Use list comprehensions and sorted

>>> dict1={'12':['123','187','1860','4821','7000','9000'],'18':['1234','4000']}
>>> L = sorted((int(k), sorted(int(x) for x in v)) for k, v in dict1.items())
>>> print L
[(12, [123, 187, 1860, 4821, 7000, 9000]), (18, [1234, 4000])]
>>> M = [(k, x) for k, v in L for x in v]
>>> M
[(12, 123), (12, 187), (12, 1860), (12, 4821), (12, 7000), (12, 9000), (18, 1234), (18, 4000)]
Comments
This is geat! thanks!!! :)

Yes, you can't sort a dictionary, but you can print it in a sorted format.

2. PRINTING (a sorted dict by key)
d = {'A':3, 'B':4, 'C':2', D':1, }
from operator import itemgetter
dlist = sorted(d.items(), key=itemgetter(0)) # sorted by key
for elt in dlist:
print ("--", elt[0], ":", elt[1])

3. PRINTING (a sorted dict by value)
from operator import itemgetter
dlist = sorted(d.items(), key=itemgetter(1)) # sorted by value
for elt in dlist:
print ("--", elt[0], ":", elt[1])

The method of Gribouillis uses a lot of sorted(). They generate new lists.

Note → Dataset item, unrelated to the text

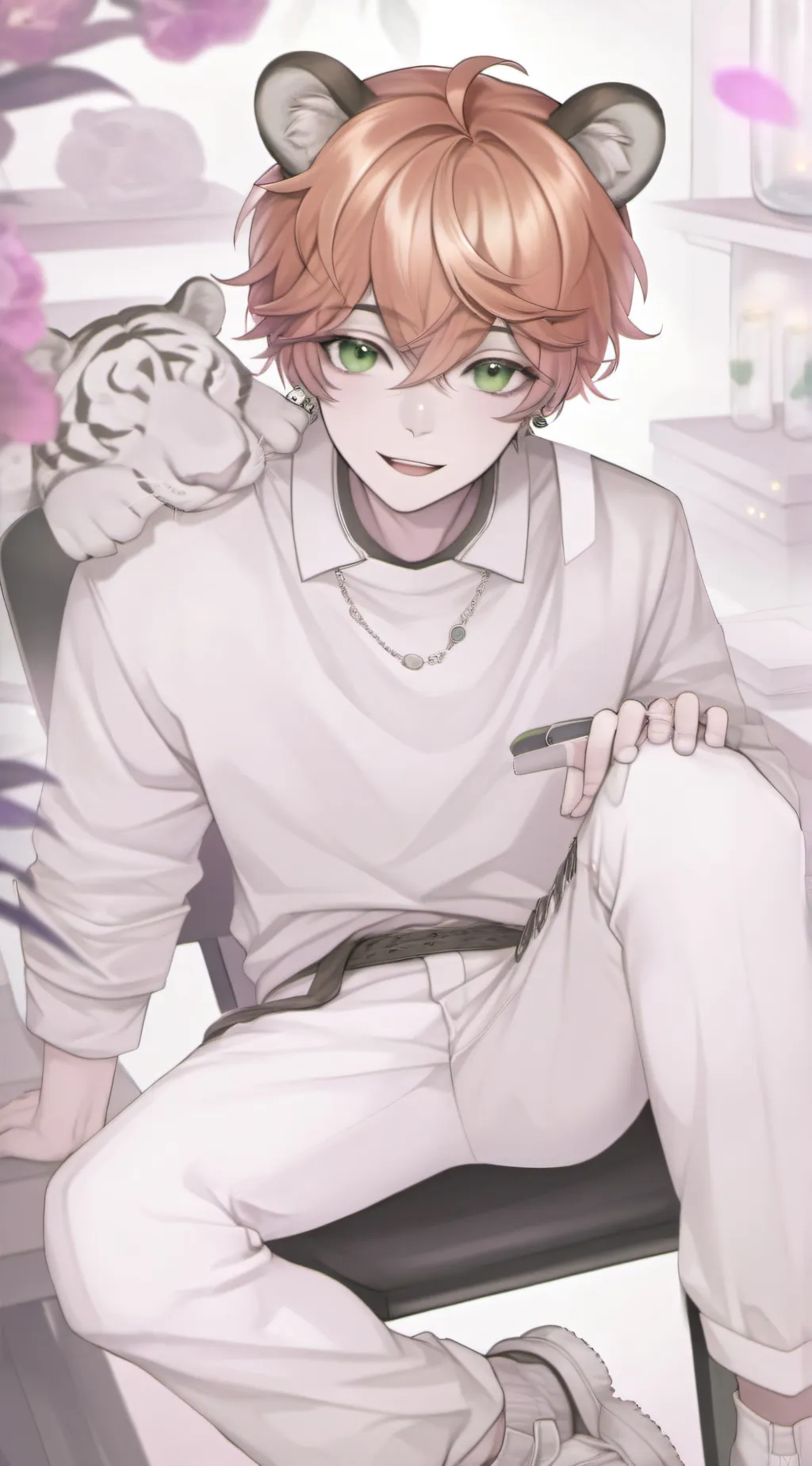 ai character: Oliver background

A sort "in place" might be faster and you only need one sort() call

L = [ (k,x) for k, v in dict1.items() for x in v]
L.sort()

Tuples are sorted by element.

Comments
interesting point

Just one caveat ...

# sorting a list of alphanumeric data numerically

a = ['77', '123', '18']

# sort alphabetic
a.sort()

print(a)  # ['123', '18', '77']

# sort numeric
a.sort(key=int)

print(a)  # ['18', '77', '123']

It's worth mentioning that Python has a number of dictionary implementations that maintain the keys in sorted order for faster iterations. Consider the sortedcontainers module which is pure-Python and fast-as-C implementations. You could use the SortedDict type as a replacement for your own dictionary.